If we look at the x-axis, Python gets stuck trying to plot the all of the date labels. Each value is read as a string, and it is difficult to try to fit all the values on the axis in an efficient way --> important to set the time information as datetime object during the import phase and possibly set this as index to easier all these processes.


In [None]:
# Better way to import the data - 1
temp_prep_data = pd.read_csv(DrivePath +'/Data/Temp_Prep_Data.csv', na_values='-999',sep=',',parse_dates=['date'])
display(temp_prep_data.head(6))
print(temp_prep_data.dtypes) # date is datetime

In [None]:
# Better way to import the data - 2
temp_prep_data = pd.read_csv(DrivePath +'/Data/Temp_Prep_Data.csv', na_values='-999',sep=',',parse_dates=['date'], index_col = 'date')
display(temp_prep_data.head(6))
print(temp_prep_data.dtypes)
print(temp_prep_data.index) # datetime is now the index of the dataframe (DatetimeIndex)

In [None]:
# Resample with 3 days period
Mean_3d = temp_prep_data['precip'].resample('3d').mean()
display(Mean_3d)
fig, ax = plt.subplots(figsize=(10, 4));
ax.plot(Mean_3d,
       color='green');

ax.set(xlabel="Date",
       ylabel="Precipitation",
       title="Daily Total Precipitation\nBoulder - Jul 2018 (Colorado)");

# Question:  what happens if I apply the resample function to the original "temp_prep_data_orig" data?

In [None]:
# Alternative with asfreq (note that the output is different)
Asfreq_3d = temp_prep_data['precip'].asfreq('3d')

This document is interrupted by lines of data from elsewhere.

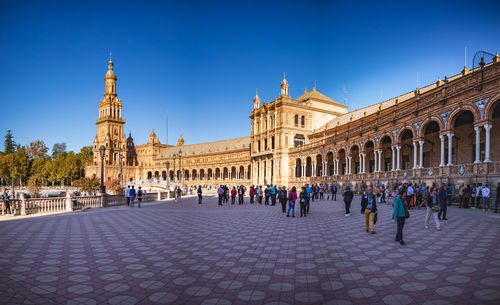 Group of people in front of building against blue sky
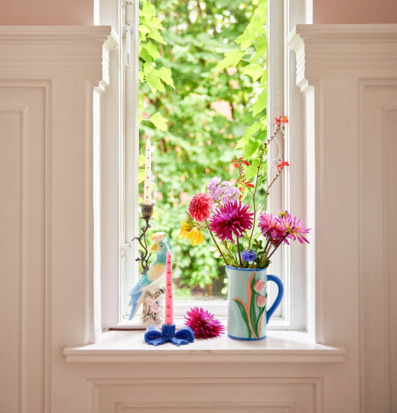 Bild på färgstarkt fönsterarrangemang med keramik och blommor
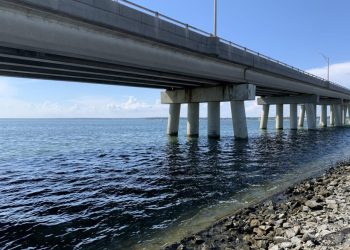 AFTER LAUNCHING FROM THE BOAT RAMP BY THE PONQUOGUE BRIDGE, TWO MEN FROM QUEENS HAD TO BE RESCUED FROM THE WATER WHEN THEIR BOAT OVERTURNED SUNDAY. PHOTO BYTAYLOR K. VECSEY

fig, ax = plt.subplots(figsize=(6, 6));
ax.plot(Asfreq_3d,
        color='green');

ax.set(xlabel="Date",
       ylabel="Precipitation",
       title="Daily Total Precipitation\nBoulder - Jul 2018 (Colorado)");

display(Asfreq_3d)

In [None]:
display(Asfreq_3d)
print('---------')
display(Mean_3d)
print('---------')
display(temp_prep_data.head(20))

###**Example 2 - Real Data**

The data we are going to analyses are related to earthquakes, in different periods and locations.

In [None]:
# Import version 1
earthquake_data = pd.read_csv(DrivePath +'/Data/Data_earthquakes.csv', na_values='',sep=',')
display(earthquake_data.head())
print(earthquake_data.dtypes) # datetime is object type
#print(earthquake_data.shape) # 27 rows, 5 columns

In [None]:
# Import version 2 - compare this to the previous one
earthquake_data = pd.read_csv(DrivePath +'/Data/Data_earthquakes.csv', na_values='',sep=',', parse_dates=['datetime'])
display(earthquake_data.head())
print(earthquake_data.dtypes) # datetime is datatime64 type


To split a column with date and time information into separate columns, `Series.dt` can be used to access the values of the series such as year, month, day etc.

In [None]:
# Splitting the date/time information
earthquake_data['date'] = earthquake_data['datetime'].dt.date
earthquake_data['time'] = earthquake_data['datetime'].dt.time
earthquake_data['year'] = earthquake_data['datetime'].dt.year

earthquake_data['month'] = earthquake_data['datetime'].dt.month
earthquake_data['day'] = earthquake_data['datetime'].dt.day

earthquake_data['hour'] = earthquake_data['datetime'].dt.hour
earthquake_data['minute'] = earthquake_data['datetime'].dt.minute
earthquake_data['second'] = earthquake_data['datetime'].dt.second

# Drop the unnecessary columns (redundant)
earthquake_data.drop(columns=['datetime'],inplace=True)


In [None]:
display(earthquake_data.head())
print(earthquake_data.dtypes) # Date is an object
print(earthquake_data['date'][0])

# To convert Date to a Datetime object:
earthquake_data['date'] = pd.to_datetime(earthquake_data['date'])
print(earthquake_data.dtypes) # Date is a Datetime
print(earthquake_data['date'][0])

If I want to compute the inverse operation, that is merge the individual columns for days, month, years, a Datetime object can be created using `pd.to_datetime` method seen before:

In [None]:
earthquake_data['new_datetime'] = pd.to_datetime(earthquake_data[["year", "month", "day", "hour", "minute", "second"]])
earthquake_data.head()


In [None]:
earthquake_data.info()

##**Exercise 2 - Real Data**

The data we will analyse in this exercise are measures of the global-scale temperature (global_temperature.csv), as provided by two different centers (from 1880 up to 2016).

In [None]:
# 1. Load the data and set the "Date" column to a DatetimeIndex object.
# Visualise the different types of data + the dimension of the dataframe.


In [None]:
# 2. Type the following command:
temperature_data.Mean[:350].plot();

# Is this operation correct? What are we looking at?

In [None]:
# 3. What the are steps you can apply to have a new table with Dates as index and two columns representing each one the temperatures for the two centers?


In [None]:
# 4. Visualise the temperature data from the two centers in a single figure


In [None]:
# 5. Downsample the temperature data with year frequency, using mean as aggregator.
# Visualise in a single figure the new temperature data for the two centers (yearly frequency)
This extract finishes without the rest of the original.